Latkes and a Bit of Light
It’s been a rough week. I have been able to type that almost every day this year, and have it be accurate – more on that in another post – but nonetheless it’s true. Migraines, swollen hands, skin fitting not right, irritations to the touch, lack of sleep; it’s been the entire gauntlet of everything. So on Thursday night, pretty much the last thing I wanted to do was go to a latke party. I didn’t feel well, it was going to weather, there would be not only people but strangers. I finally ended up dragging myself out of the house, naturally compounding everything by guaranteeing we’d be late.
Not the most perfect set-up in the world for an introvert, but it was and I’d committed.
One of the weirder things about my current life is just how much time I spend around people in bioethics – either because I’ve gone to a conference or I’m judging something or I’m at a meeting or, yes, even just because I’m at a latke party. I’ve been struggling to deal with that now, for years. Who am I? How do I introduce myself? Do I share The Story? How do I explain what I know and why I know it, but also why I’m not “using it” in any way most folks would consider measurable or meaningful?
For the last few years, I’ve stuck with enigma – the sort of half smile and promise to tell the details later, over a drink, bribe me with chocolate – or taking a deep breath and dumping it all out and making sure it’s clear I don’t want to talk about it, thanks. A few people have gotten the full measured story over a conversation, but not many.

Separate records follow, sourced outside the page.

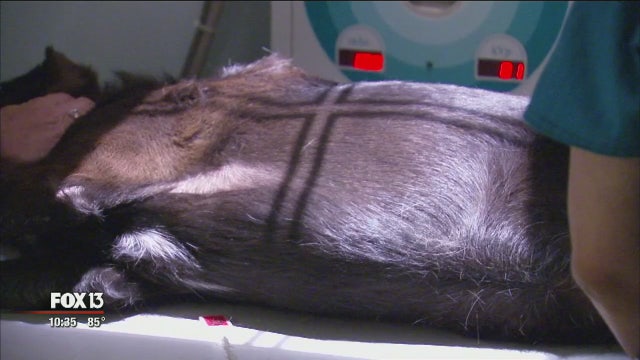 Arthritic pets see improvement from stem cell injections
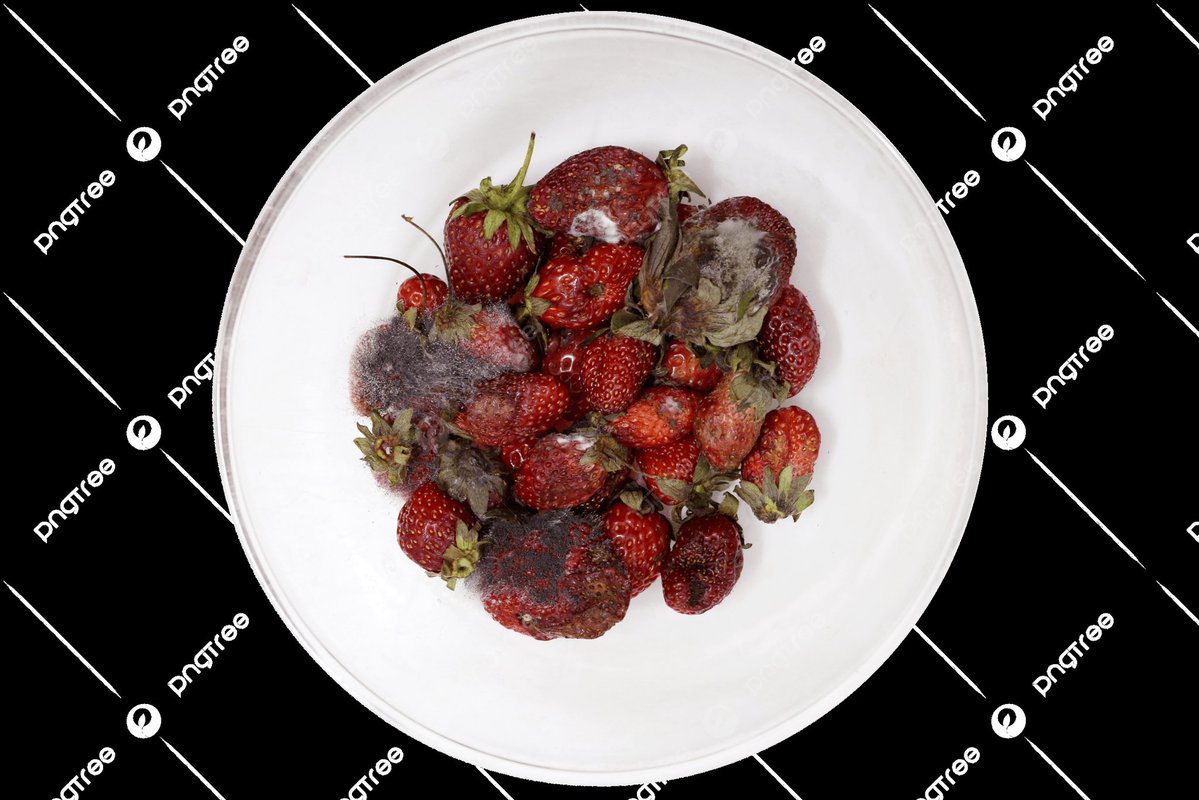 2. OGS Dönemi tweet media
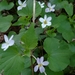 Viola canadensis rugulosa - Photo (c) Julie Arington, כל הזכויות שמורות, הועלה על ידי Julie Arington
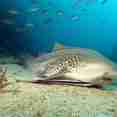 Leopard Shark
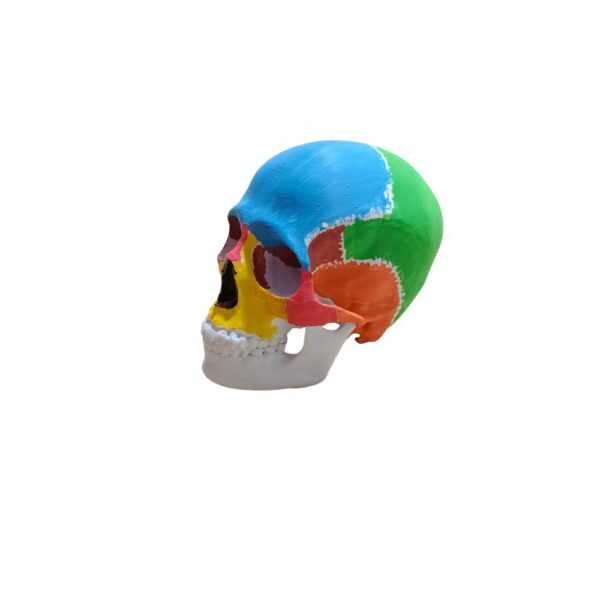 Crâne Didactique Coloré – Zones Anatomiques Identifiées petite taille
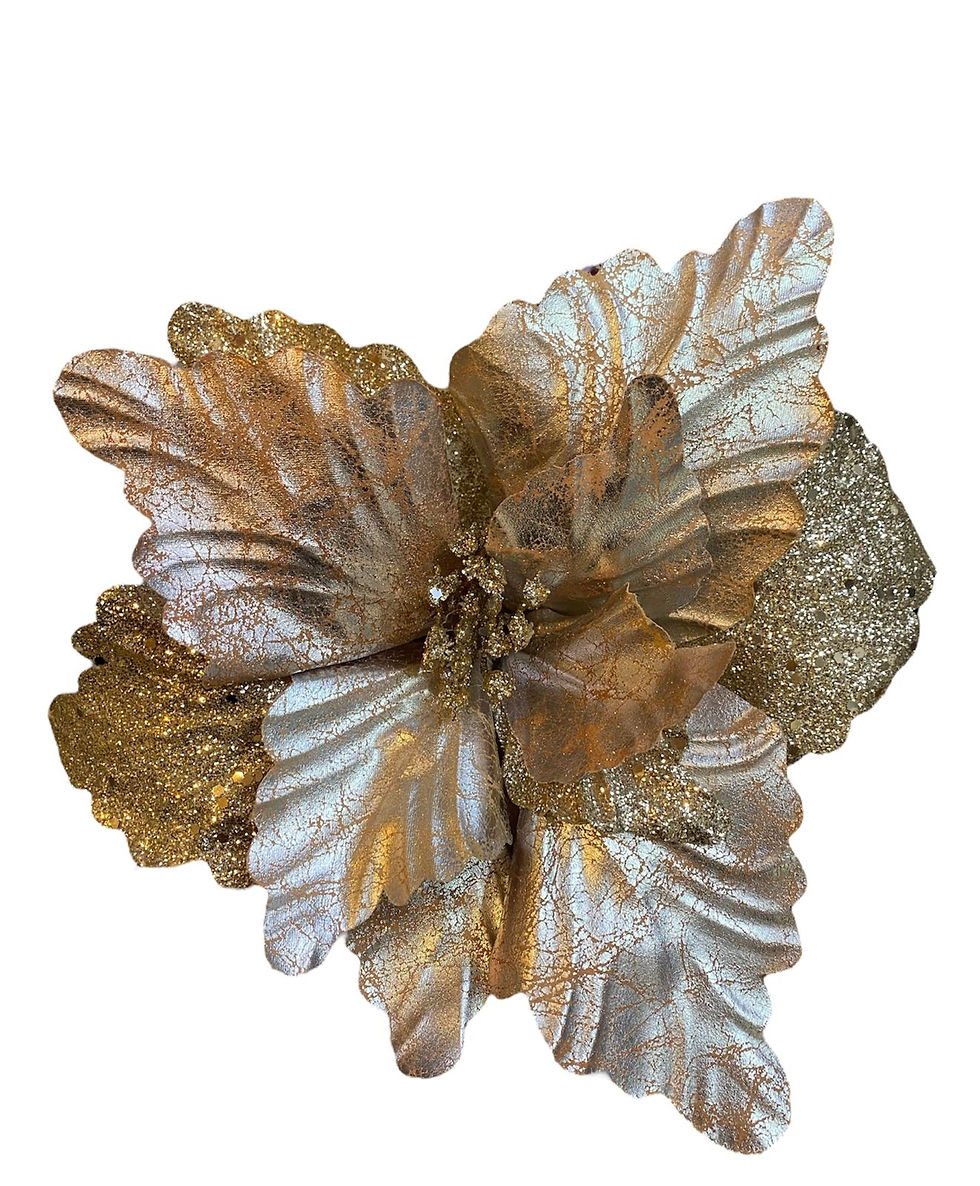 Miniatura: POINSETIA GLITTER (NEUTRO) -1UN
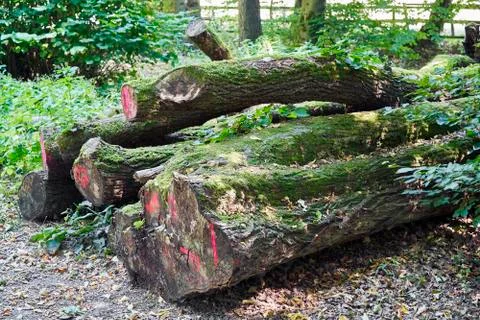 Forest with moss in the trees Stock Photos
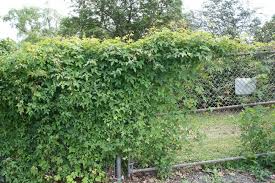 Attēlu rezultāti vaicājumam “Ampelopsis glandulosa var. brevipedunculata”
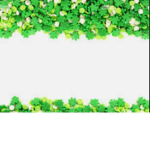 Pastel green or purple can join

It’s weird. It’s so defining. It was almost a decade ago, but it still looms large over life. It always will, as long as I’m tangental to the field, working in or near it, married to a rising star.
For whatever reason, Thursday’s latke party was different. When it came up – who am I again, why do I know all this? I was able to address the situation conversationally, even cheekily. It ended up creating a lot of laughter, a lot of sympathy, and I think at least a small measure of respect. And it got me thinking about how we define ourselves, for ourself and for others.
I read an interview today with Mara Wilson; it was published back in April but for some reason landed in front of my eyes today. It might have been the best day, because I was already mulling similar things – how do you define yourself when it feels like everyone knows who you were, even if it’s not who you are? 1 Mara left acting for writing, and she talks a bit in this interviews (and others) about her long effort at distancing herself from acting, of asserting herself, not wanting to be associated with that image.
Well. I can relate to that.
I can also relate to this:
I’m always going to be associated with that image, and I might not want to be reduced to that image, but I’m always going to be associated with it. So I’m working on embracing it.
Ends of years are arbitrary times, picked out on calendars for reasons that don’t have a lot of meaning any more. I don’t tend to place much faith in them, or superstition, but it’s hard not to think that those words landed in front of me now, just when I needed to contemplate them in front of the blank slate of a new year.
I don’t know much, and the path isn’t terribly clear – on days when one foot in front of the other is hard physically, that doesn’t make things any easier – but I do know that I can embrace the things that define me, I can be witty and charming, I can catalogue beneficial things I learned. I can laugh. And that’s a start.